§ Records to process
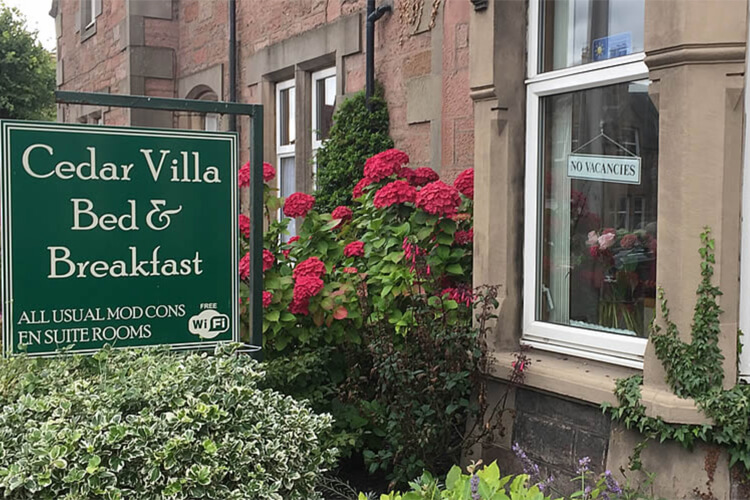 Cedar Villa Guest House - Image 1 - UK Tourism Online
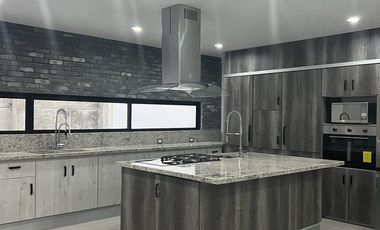 CASA EN VENTA EN VILLA MAGNA SEGUNDA ETAPA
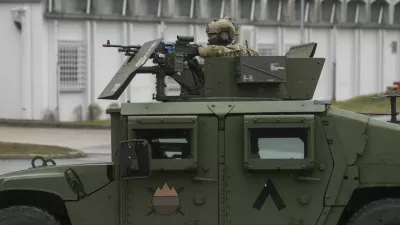 - simbolična fotografija – vojaki SV -- 31.03.2023 – Slovenska vojska (SV) - Vojašnica Ivana Cankarja Vrhnika - obisk predsednice republike v okviru katerega se je seznanila s stanjem pripravljenosti Slovenske vojske v letu 2022, //FOTO: Jaka Gasar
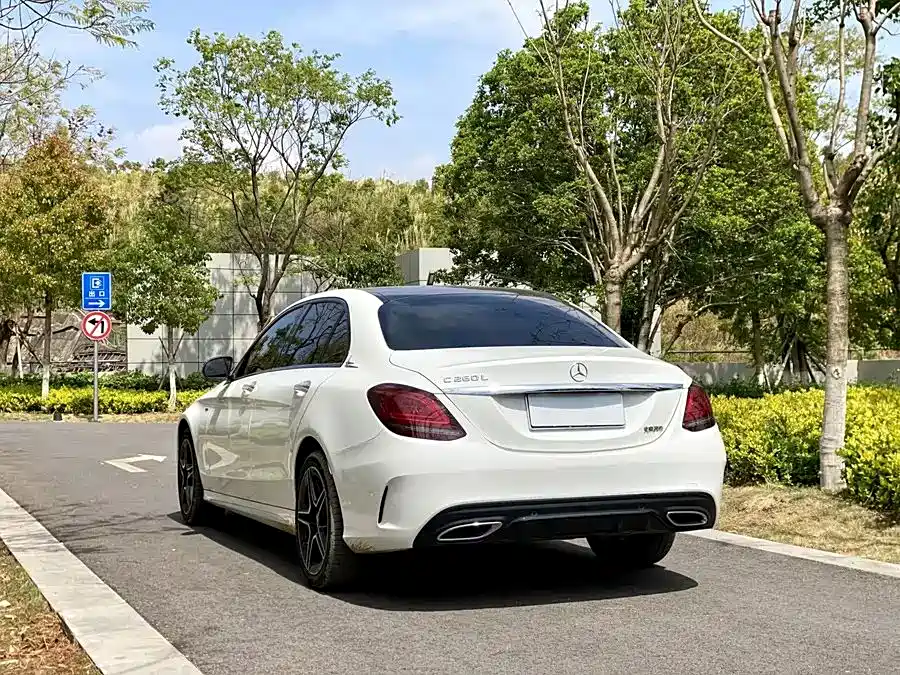 Mercedes-Benz C-Class 2020 — фото 15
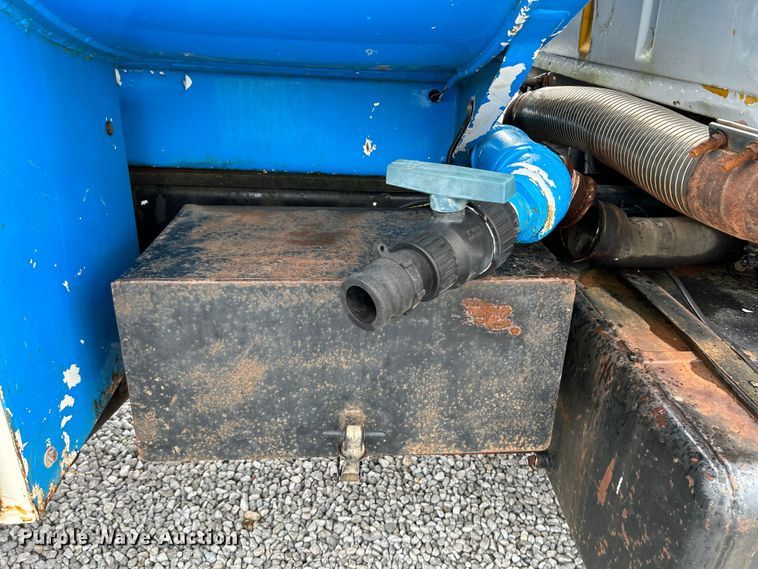 image for item NL9447 1995 Ford L8000 tank truck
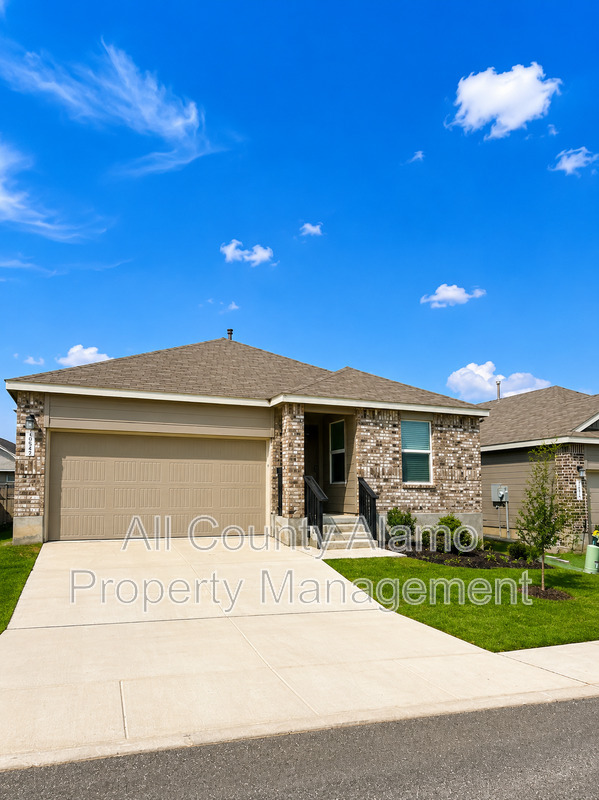Main Rental Photo 3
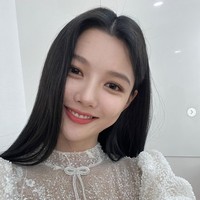 Aktris 23 tahun ini dikenal dengan reputasi baik di Korea Selatan. Selain dijuluki National Little Sister, Kim Yoo Jung juga didapuk menjadi duta Kementerian Kesetaraan Gender dan Keluarga, Korea Sharing Festival, hingga Seoul Tourism. Foto: dok. Instagram @you_r_love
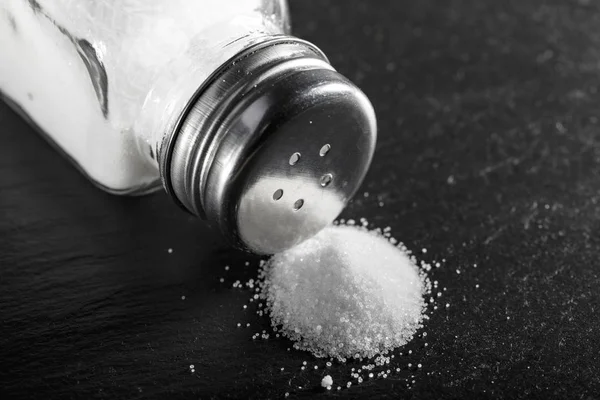 Salt som sprids från saltskakan — Stockfoto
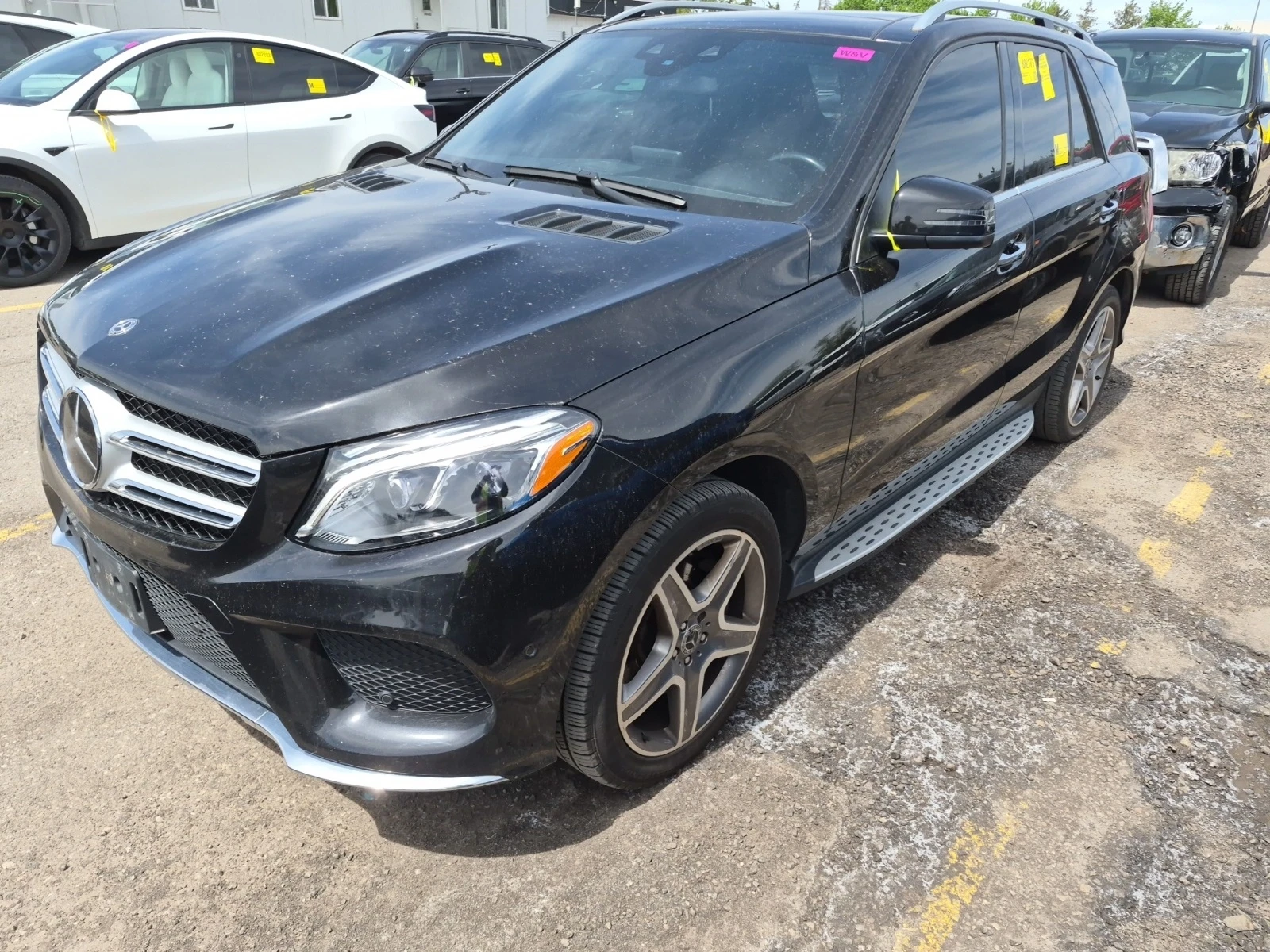 Mercedes-Benz GLE 400 AMG * * CARFAX * * АВТО КРЕДИТ * * , снимка 1 - Автомобили и джипове - 54623220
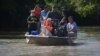 Relawan Banjiri Houston untuk Membantu Korban Badai Harvey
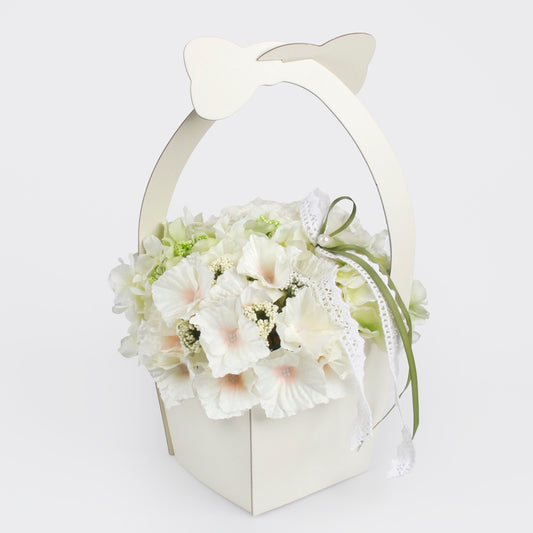 Vaalea hortensia kukkakompositio 36 cm - Tekokukat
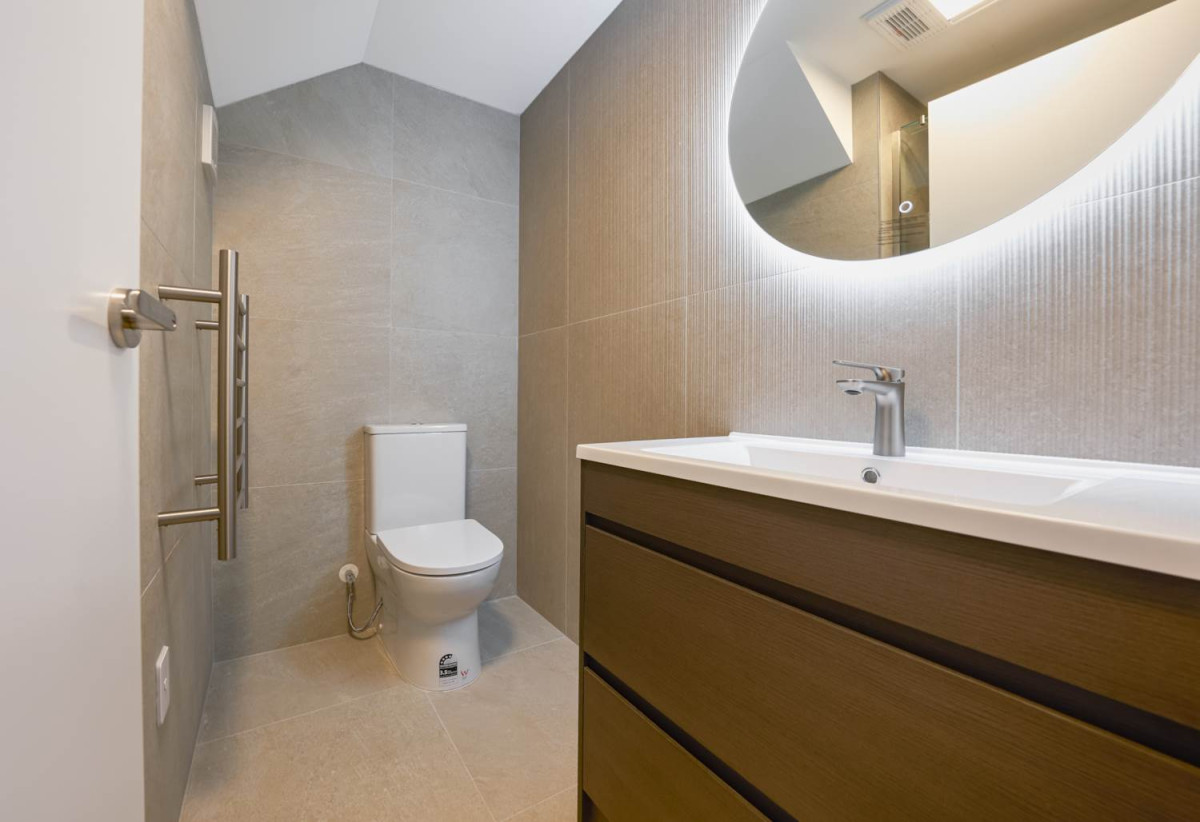 Brandnew 3 beds 3 baths home with garage, 1 bed 1 bath ground floor, positioned between Devonport Village and Takapuna, close to schools, shops, easy motorway access, 0.2 km to Belmont School (Auckland), 0.3 km to Belmont Intermediate, 0.7 km to Takapuna Grammar School, Lot 11/163-165 Lake Road, Belmont, Auckland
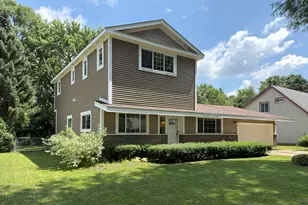 967 Cardiff Dr, Crystal Lake, IL 60014 - Photo 1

§ Problem
Nothing but the lines above, starting at the line that contains "Mercedes-Benz C-Class 2020 — фото 15" and ending at the line that contains "Salt som sprids från saltskakan — Stockfoto", should be given again, exactly and without the pictures.

§ Problem solution
 Mercedes-Benz C-Class 2020 — фото 15
 image for item NL9447 1995 Ford L8000 tank truck
Main Rental Photo 3
 Aktris 23 tahun ini dikenal dengan reputasi baik di Korea Selatan. Selain dijuluki National Little Sister, Kim Yoo Jung juga didapuk menjadi duta Kementerian Kesetaraan Gender dan Keluarga, Korea Sharing Festival, hingga Seoul Tourism. Foto: dok. Instagram @you_r_love
 Salt som sprids från saltskakan — Stockfoto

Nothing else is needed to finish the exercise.